Chapter 34

15 3 1
                                    

Playlist : 至少还有你 by Sandy Lam

I fear the time goes too fast, that I can't watch you enough
I fear the time goes too slow, that I may lose you in the next second

***

Samuel awalnya tidak tahu apa yang janggal. Tapi ia sadar, mengapa rasanya tidak ada orang yang dapat diajak berbincang santai ataupun berdiskusi topik berat lagi. Tidak ada yang benar-benar menyemangatinya saat dia terpuruk, karena 'ribuan' temannya tidak benar-benar ada. Tidak ada yang diajak bercanda gurau, berjalan-jalan, dan makan bareng.

Sangat sering dia kebingungan, mengapa dia tidak perlu mengingatkan 'seseorang' untuk makan. Porsi makanan yang dia masak kerap berlebih, dan berujung masuk kulkas. Atau dia yang terkadang berbicara sendiri saking kehilangannya.

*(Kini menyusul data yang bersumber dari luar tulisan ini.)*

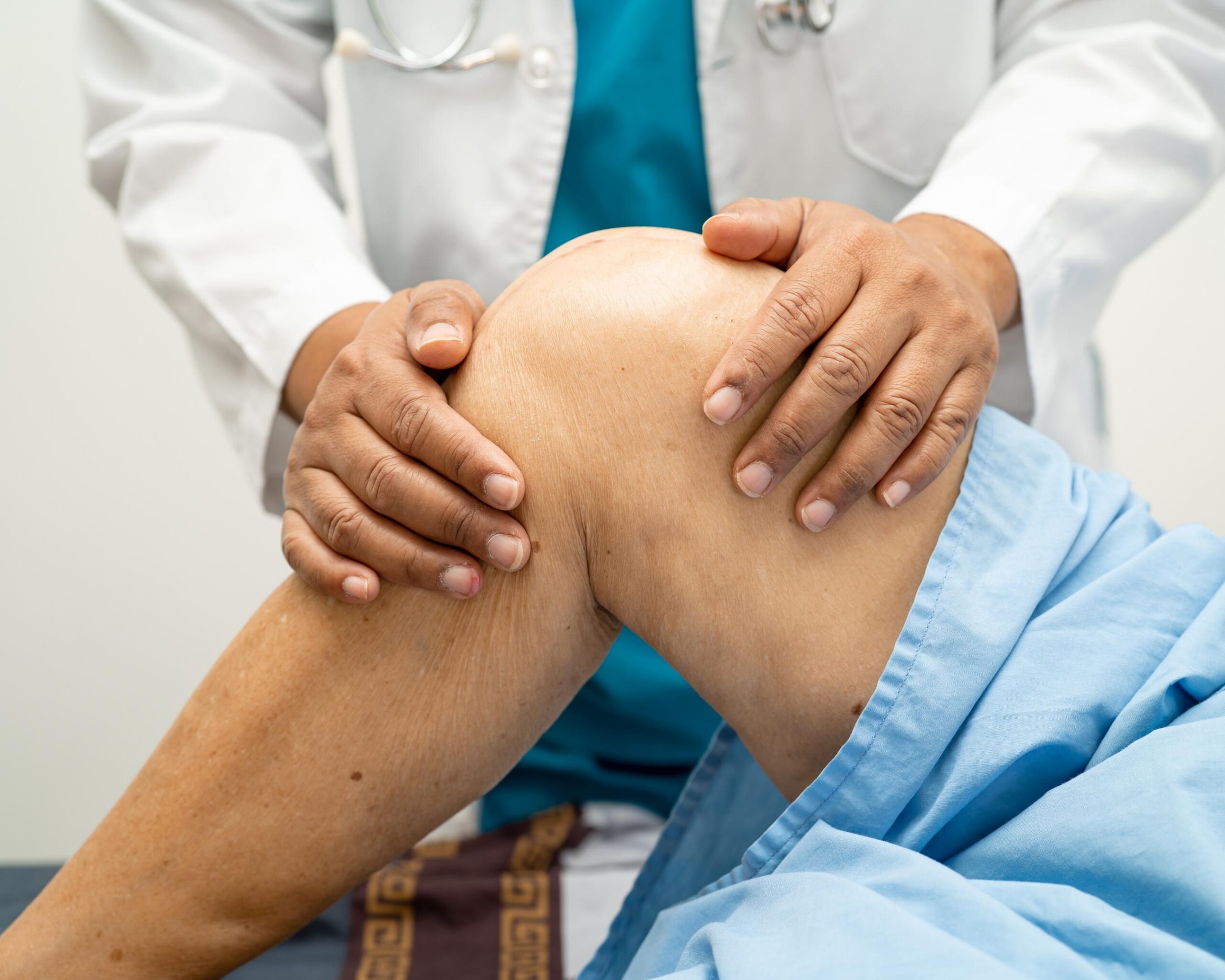 Why Do Varicose Veins Hurt? Understanding the Pain and Methods of Relief Image
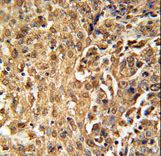 ZC3HAV1 Antibody immunohistochemistry of formalin-fixed and paraffin-embedded human cervix carcinoma followed by peroxidase-conjugated secondary antibody and DAB staining.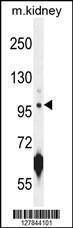 Anti-CARNS1 Rabbit Polyclonal Antibody (FITC (Fluorescein Isothiocyanate))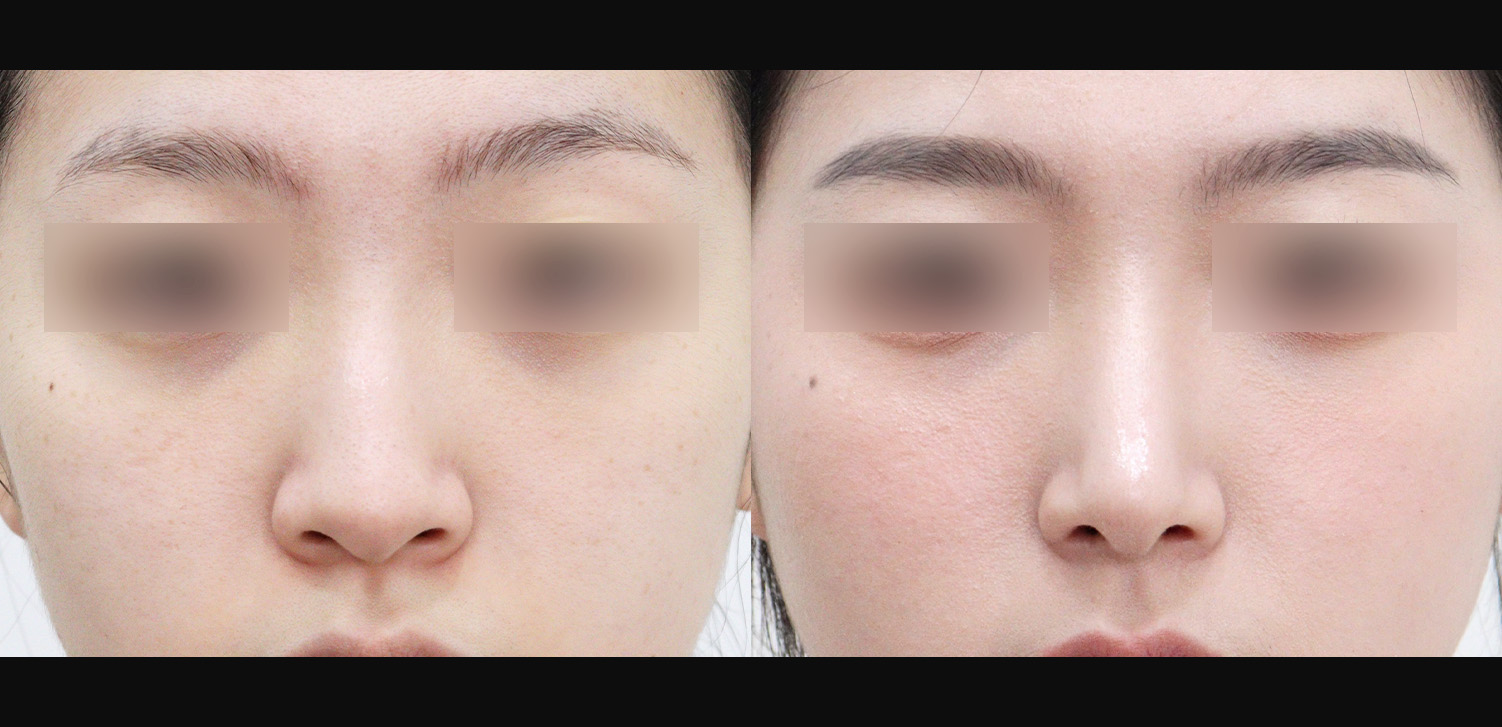 화살코+용코+휜코+인중코+콧볼축소+기능코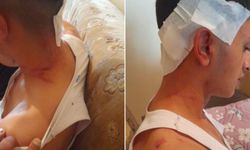 Skandal iddia: MHP'li ismin oğlu ve korumaları tarafından darp edildi, gözaltı bile yapılmadı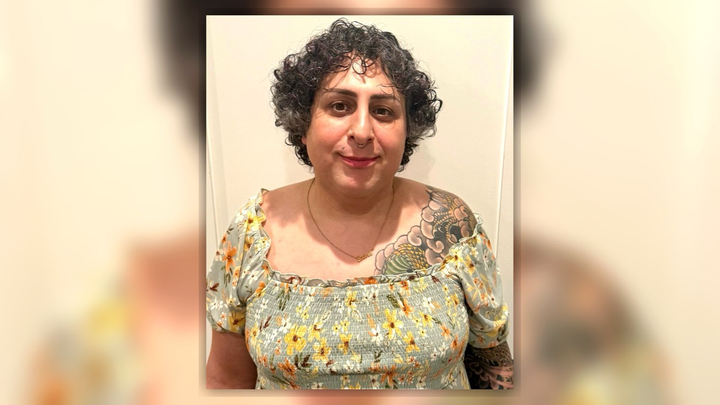 Support Setareh’s Facial Feminization Surgery & Recovery campaign photo, 1 of 3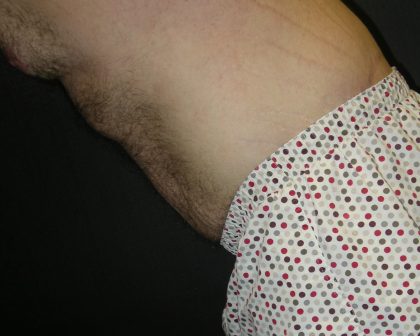 Lower Body Lift Before & After Patient #2269
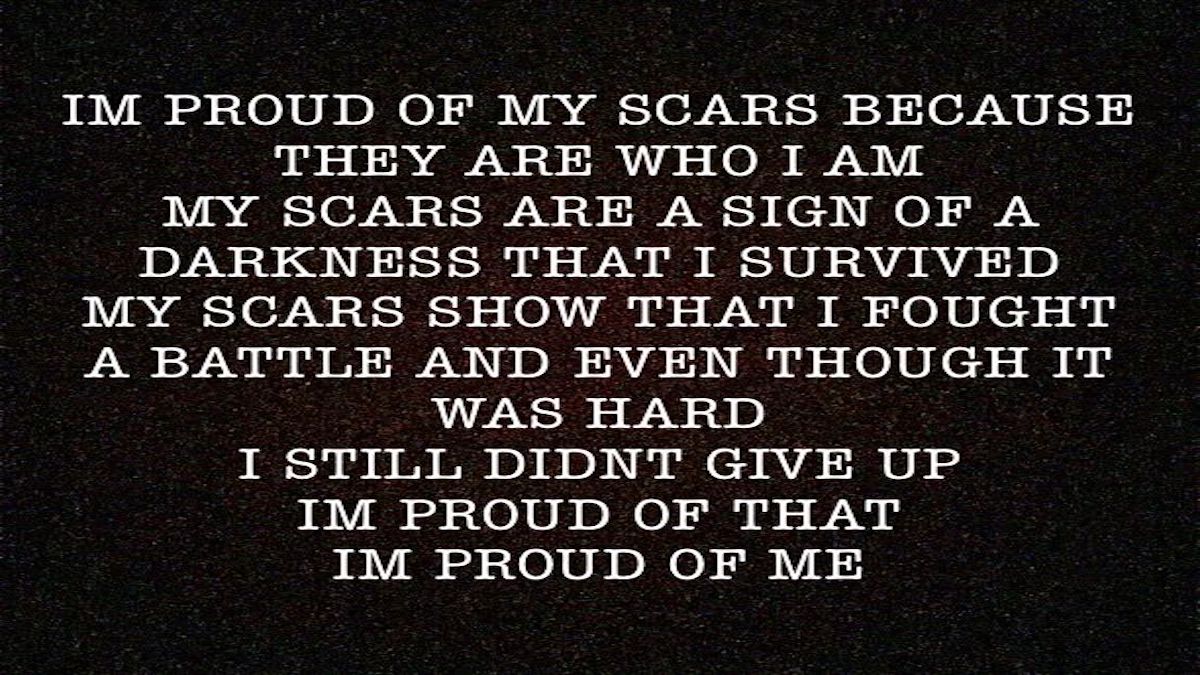 Body Positivity.. I’m a work in&nbsp;progress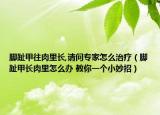 脚趾甲往肉里长,请问专家怎么治疗（脚趾甲长肉里怎么办 教你一个小妙招）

Menoleh ke kiri-kanan, tidak ada siapa pun. Menoleh ke depan, hanya ada waktu yang terbentang dengan panjang.

Tidak ada Lisie. Tiada pelipur laranya lagi. 

Hanya sejenak Samuel mengakui itu. Matanya kembali meredup.

Lalu kenapa kalau tidak ada Lisie? Bukankah lebih bagus, tidak ada yang merebut waktunya lagi? Bukankah menghemat uang dan energi? Bukankah bagus, kehilangan satu benalu?

Yang penting, Samuel's doing fine. Dia janji.

***

"Makasih, Sir! Udah temani piket hari ini, padahal bukan jadwal Sir juga."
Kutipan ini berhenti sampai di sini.